# [Exercise brief]
Reproduce exactly, and only, the lines of the material below running from the line bearing "Tie Front Floral" through the line bearing "5912 Alan Drive". Leave any pictures out.

# [Recorded data]
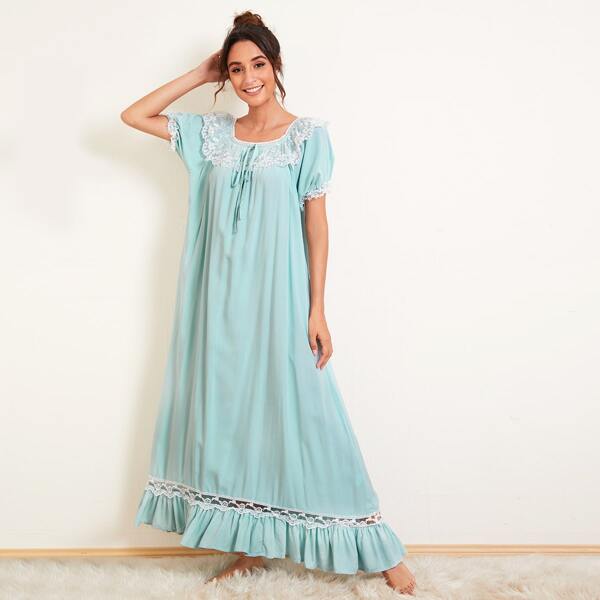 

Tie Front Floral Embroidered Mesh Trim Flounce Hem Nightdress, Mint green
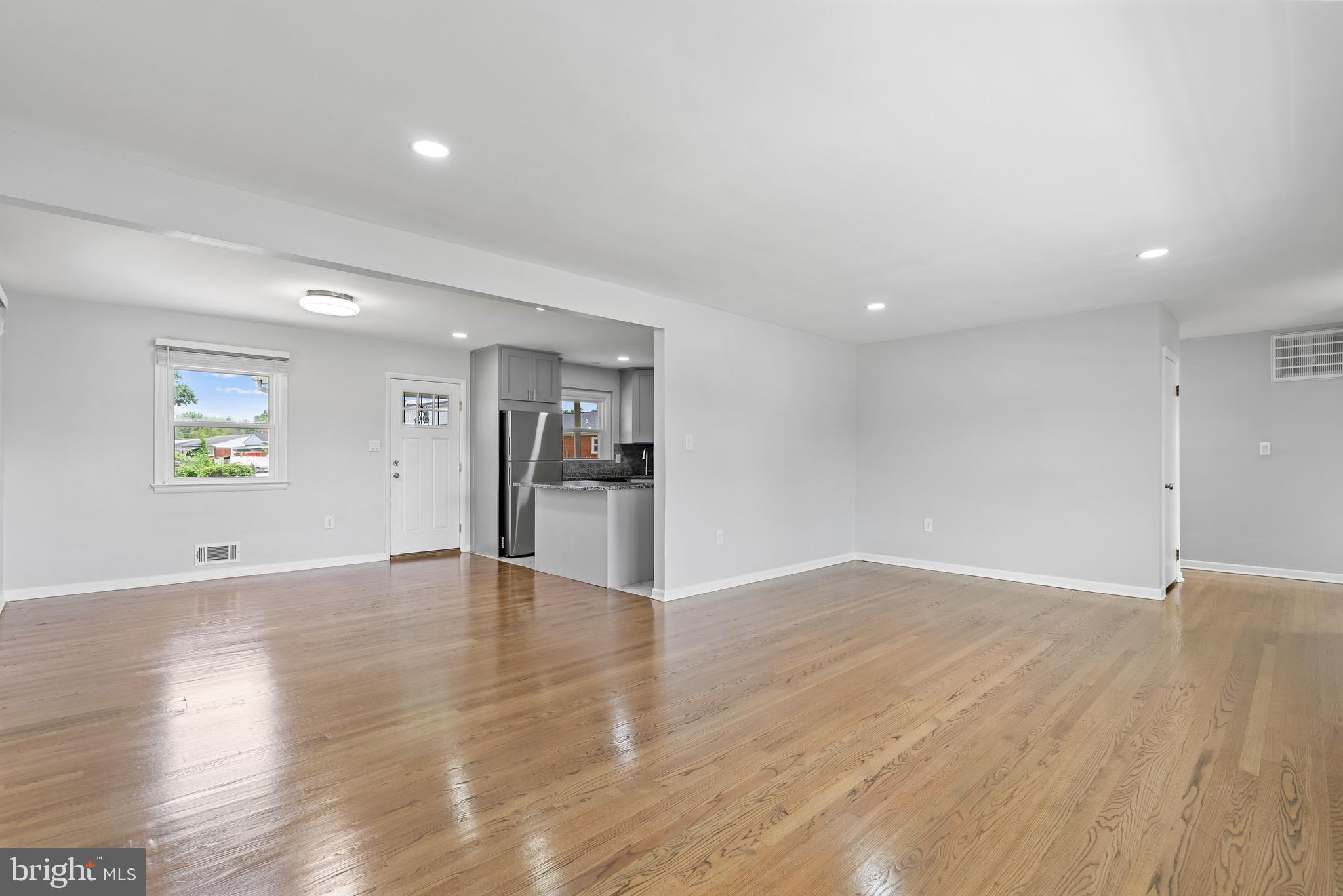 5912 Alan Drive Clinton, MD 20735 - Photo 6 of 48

---

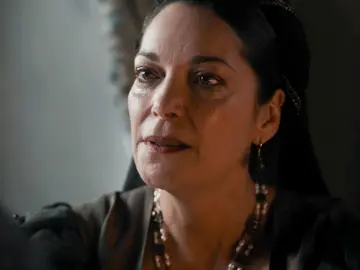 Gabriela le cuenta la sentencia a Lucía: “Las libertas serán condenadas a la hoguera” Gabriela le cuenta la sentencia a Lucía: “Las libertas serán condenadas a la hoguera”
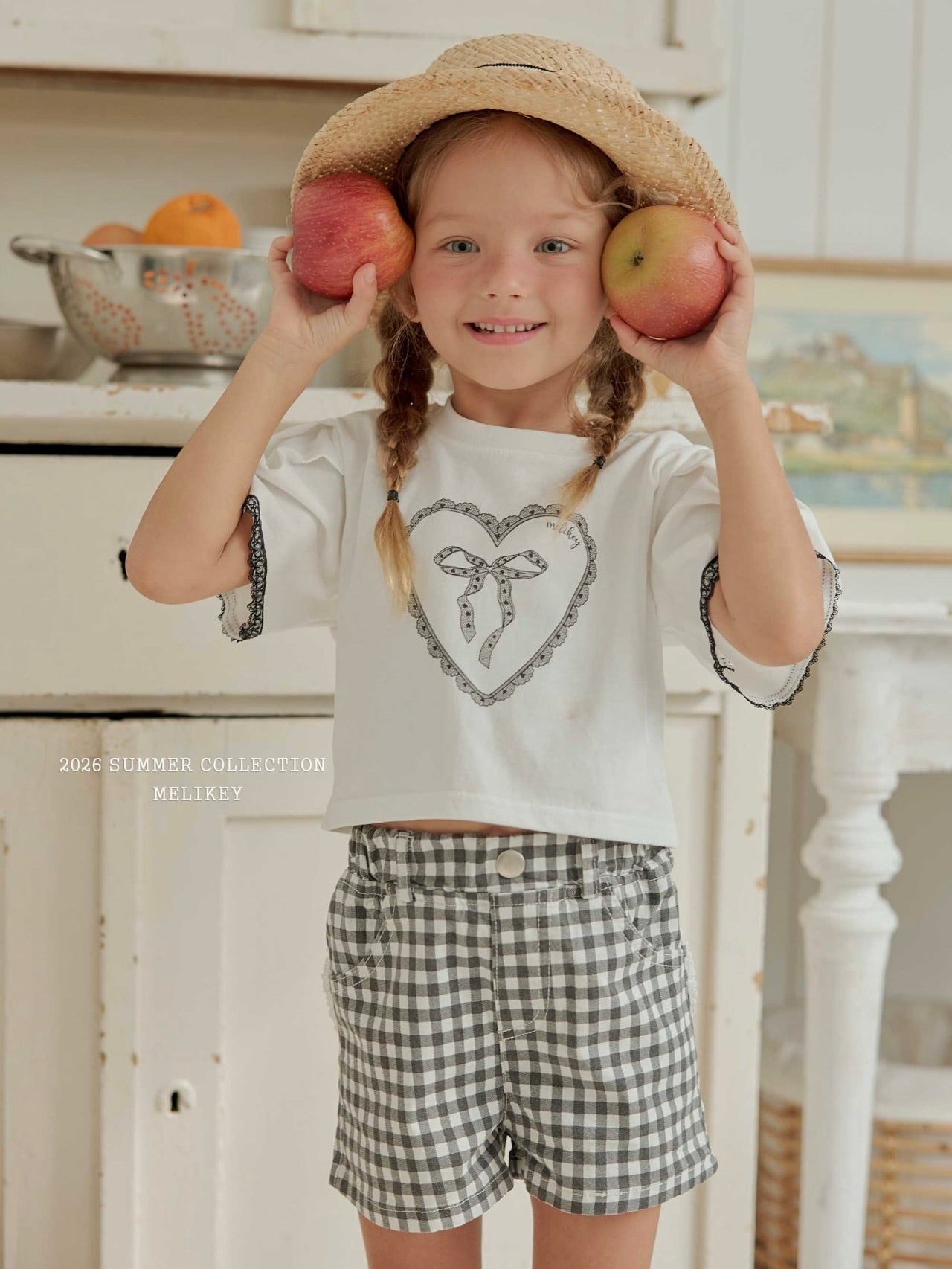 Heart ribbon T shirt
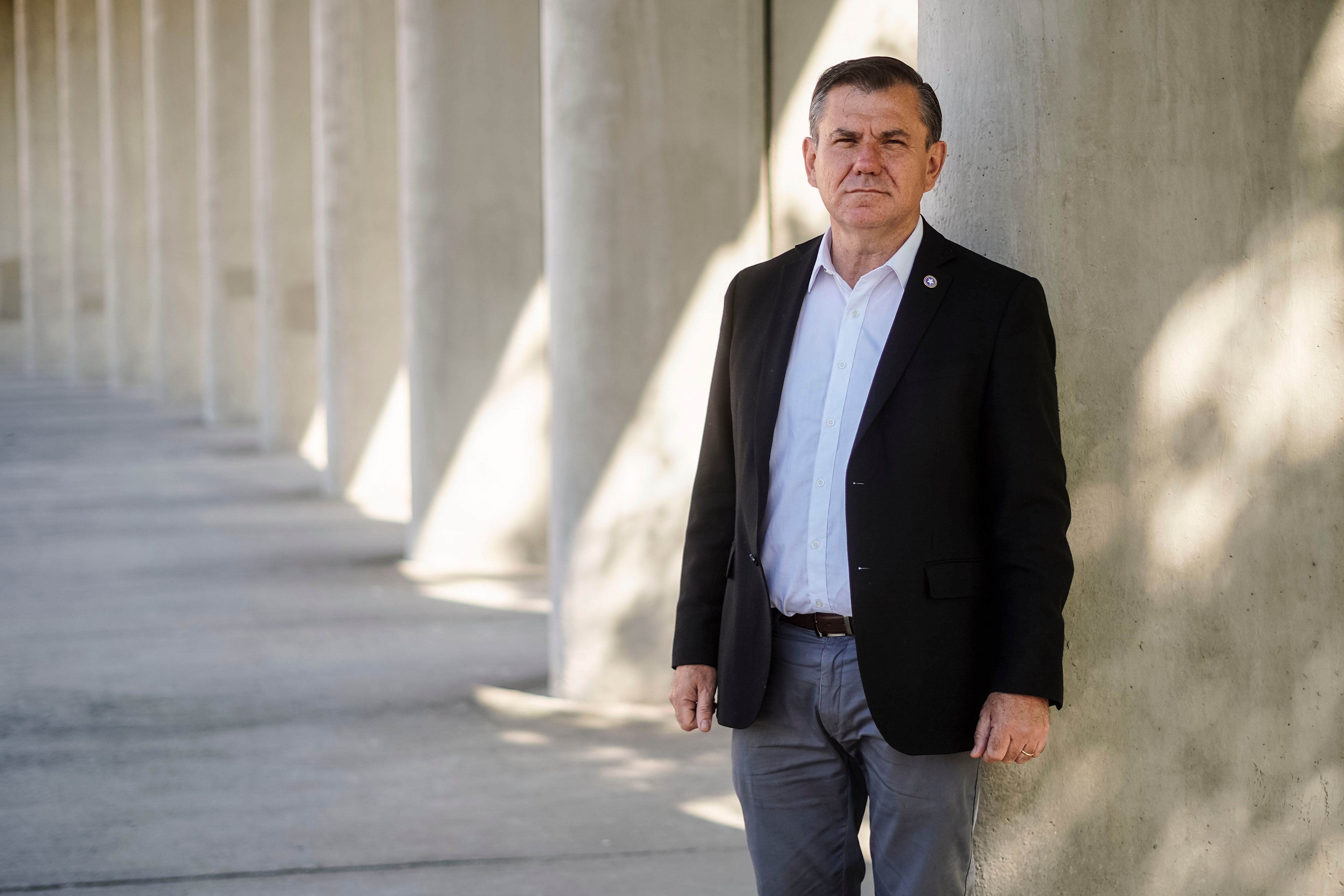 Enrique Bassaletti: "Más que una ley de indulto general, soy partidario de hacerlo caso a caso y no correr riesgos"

==

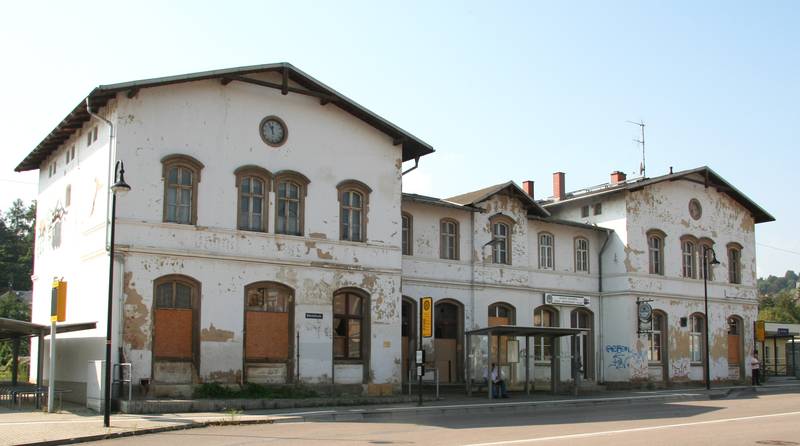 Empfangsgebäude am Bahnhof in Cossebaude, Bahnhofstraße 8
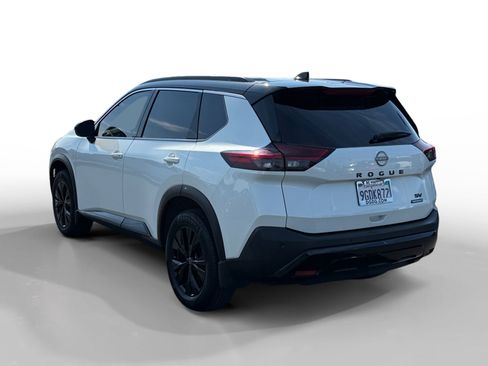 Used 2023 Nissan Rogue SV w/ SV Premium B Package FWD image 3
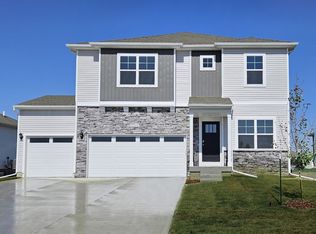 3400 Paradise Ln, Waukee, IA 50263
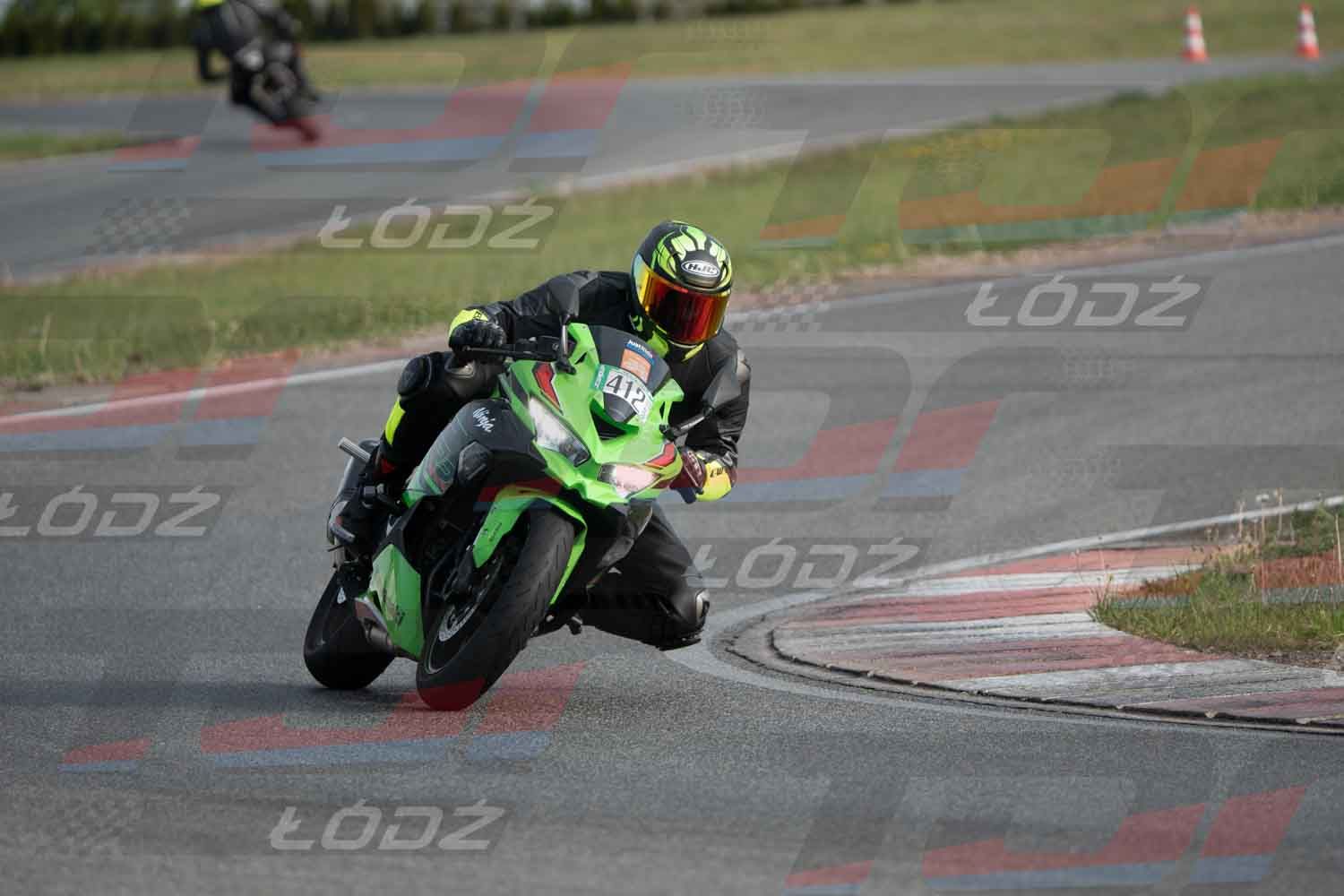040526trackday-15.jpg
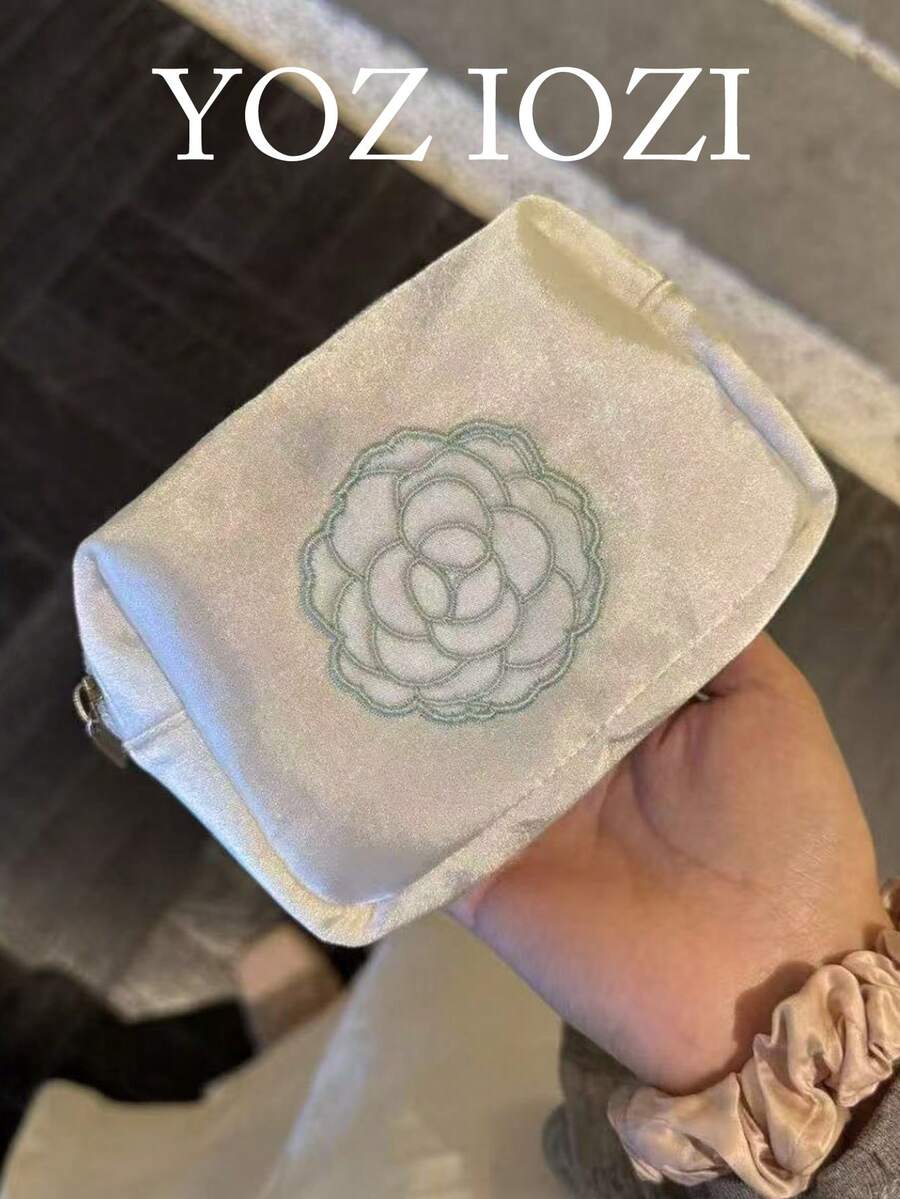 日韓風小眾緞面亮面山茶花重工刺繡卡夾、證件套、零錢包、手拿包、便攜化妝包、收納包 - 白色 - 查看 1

# [Solution for this problem]
Tie Front Floral Embroidered Mesh Trim Flounce Hem Nightdress, Mint green
 5912 Alan Drive Clinton, MD 20735 - Photo 6 of 48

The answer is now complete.